ETI Telecom Inc. (also ETITEL), a California Corporation, hereinafter known as COMPANY, provides telecommunication and affiliated services, hereinafter SERVICE, described in greater detail on our web site to you, hereinafter CUSTOMER, subject to the following terms and conditions:
By accessing this site and/or registering or using the SERVICE, CUSTOMER acknowledges receiving, reading, understanding and agreeing to the Terms and Conditions set forth here, which have the force of an Agreement. COMPANY reserves the right, at its sole discretion, to update or revise these Terms and Conditions. Each time CUSTOMER logs in or visits this site or uses the SERVICE following the posting of any changes to the Terms and Conditions, CUSTOMER agrees to accept these changes regardless of whether CUSTOMER has checked or visited the Terms and Conditions page of the site.

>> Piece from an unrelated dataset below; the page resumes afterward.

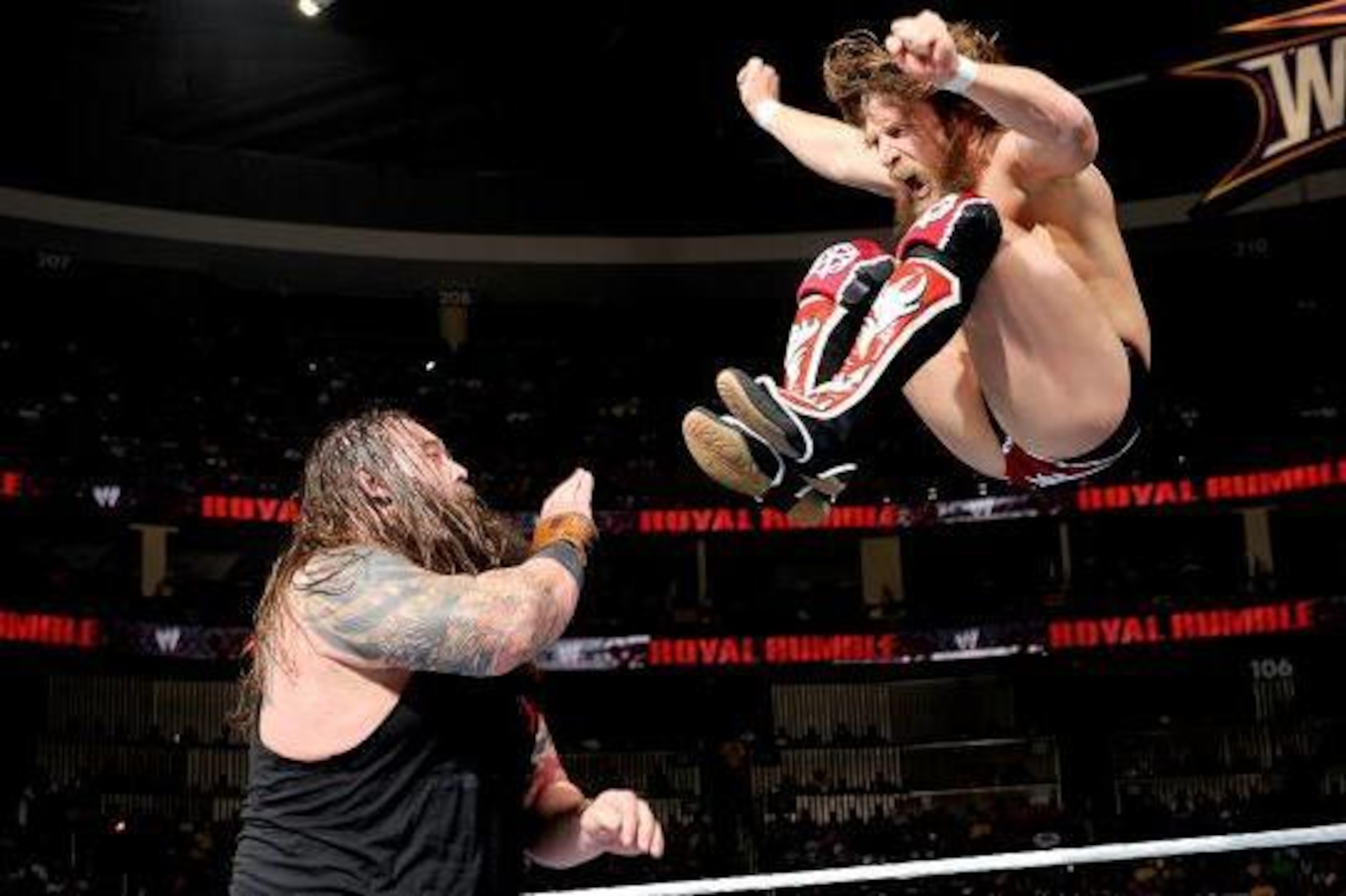 Daniel Bryan aims a missile dropkick at Bray Wyatt.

These Terms and Conditions govern the use of COMPANY’s website and SERVICE
CUSTOMER warrants that the contact information provided (name, email id, address and phone number) is accurate and true. COMPANY reserves the right to request additional customer identification documentation at any time.
CUSTOMER carries sole responsibility for actions and content of transmissions through the use of SERVICE, it being understood that every CUSTOMER employee acts on behalf of CUSTOMER in all actions and submissions on or in connection with the SERVICE. CUSTOMER agrees:
Resale of SERVICE, even at zero cost (free), is prohibited. CUSTOMER cannot resell or transfer SERVICE to any other person for any purpose, without express written permission from COMPANY.

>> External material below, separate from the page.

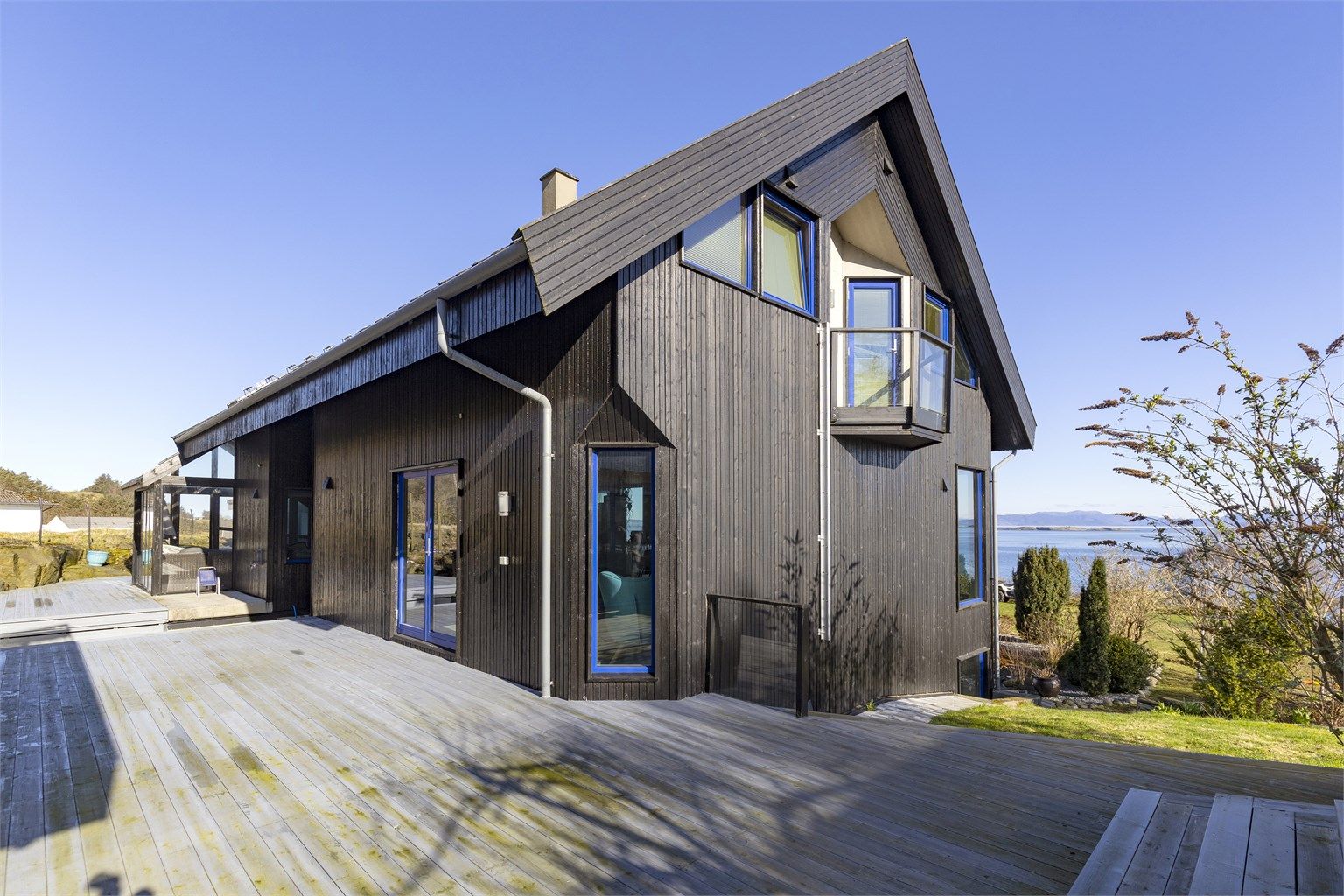 Store terrasseområder i trekonstruksjon omkranser boligen og skaper mange fine uteplasser.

COMPANY desires that CUSTOMER understands the intended and permissible uses of COMPANY’s Plans and Services, and further desires to prevent fraud, exploitation and abuse of certain calling plans and features. COMPANY’s Plans and Services are designed and intended for normal commercial use and are not intended for use by organizations such as call centers, resellers, telemarketing firms, or for use without live dialog, such as transcription services, intercom or monitoring services. Unauthorized or excessive use beyond that normally experienced by typical business customers violates these Terms of Service and may cause network capacity and congestion issues and interfere with COMPANY’s network and third party networks with whom COMPANY connects for call initiation and completion services.

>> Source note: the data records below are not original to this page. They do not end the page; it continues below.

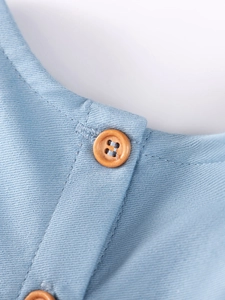 Blue denim sleeveless girls dress with natural wooden button and cherry embroidery detail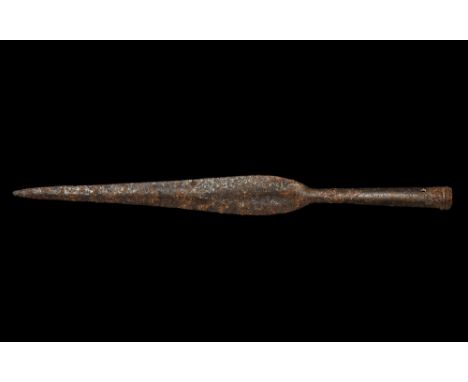 5th-1st century BC. A hand-forged iron spearhead of La Tène I type with narrow leaf-shaped blade lentoid in section, tubular 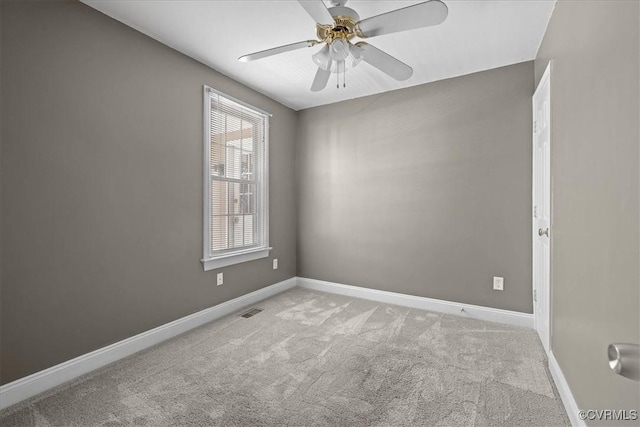 carpeted empty room featuring ceiling fan and baseboards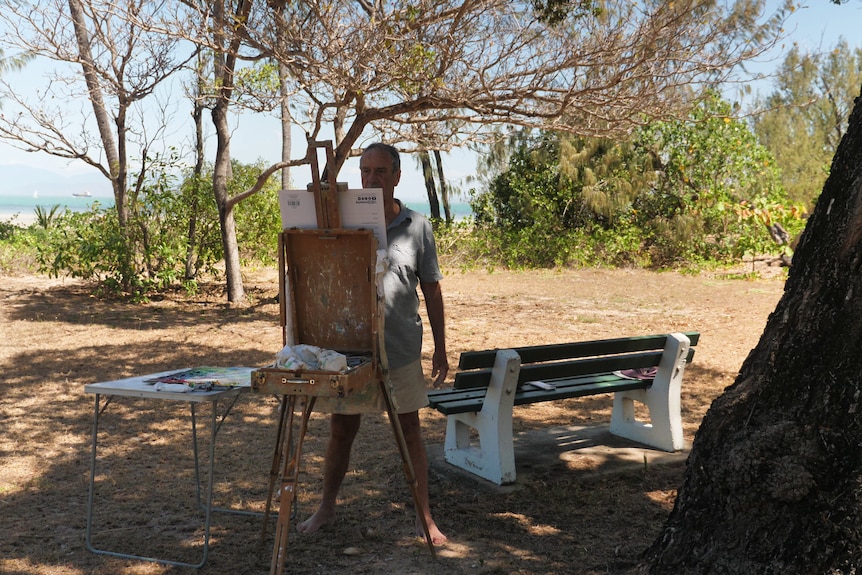 a man paints on an easel in a bush park next to a beach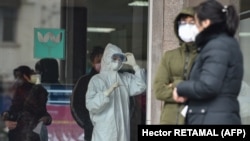 Кина- луѓе со заштитни маски во обид да се спречи ширењето на вирусот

COMPANY’s Products and Services may not be used for any of the following prohibited uses (which are in addition to the other prohibited uses under these Terms of Service).
• Bulk call-in lines (e.g., customer support, sales call centers, etc.)
• Auto-dialing or “predictive” dialing (i.e., non-manual dialing or using a software program or other means to continuously dial or place out-bound calls).
In addition, for ‘unlimited’ plans, CUSTOMER will be considered to be in violation of these Terms of Service when aggregate inbound and outbound calling exceeds 3,200 minutes per extension (hosted seat) per month pooled across all phone numbers.
COMPANY reserves the right to review CUSTOMER accounts at any time for potential abuses of these Terms of Service. COMPANY may determine abnormal or abusive usage based on comparisons to the usage patterns of other customers. If it is determined that CUSTOMER violates these Terms of Service, COMPANY may invoice CUSTOMER, and CUSTOMER shall pay a per minute fee for excessive use at the then-current rates established by COMPANY. In addition to such excessive use charges, if COMPANY identifies excessive or abusive traffic patterns, COMPANY reserves the right to change CUSTOMER’s applicable rate plan or suspend or terminate Service with or without notice.
SERVICE will commence after receipt by ETITEL of the prepaid amount and the one-time set up charges, if any. Service will continue until CUSTOMER or COMPANY terminates the Service. COMPANY may terminate SERVICE and this agreement by giving 3 days’ notice to CUSTOMER at any time, or immediately if CUSTOMER’s prepaid balance runs out or CUSTOMER is in default of any of these Terms and Conditions. CUSTOMER may terminate the Service and this Agreement by giving 3 days’ notice to ETITEL at any time. COMPANY will not be liable to CUSTOMER or any third party for termination of the SERVICE.
COMPANY’s plans are provided on a monthly basis and paid in advance for each month. The monthly plan activation date is deemed the anniversary date. The monthly plan will renew each month on the anniversary date unless terminated by the CUSTOMER. Notice of termination must be in writing via email to our email address of record two days prior to the anniversary date. Monthly plan fees will not be prorated and/or refunded for the termination month. Notice of termination received after the required notice date will be effective for the next anniversary date. A setup fee will be charged to reactivate plans that were previously terminated.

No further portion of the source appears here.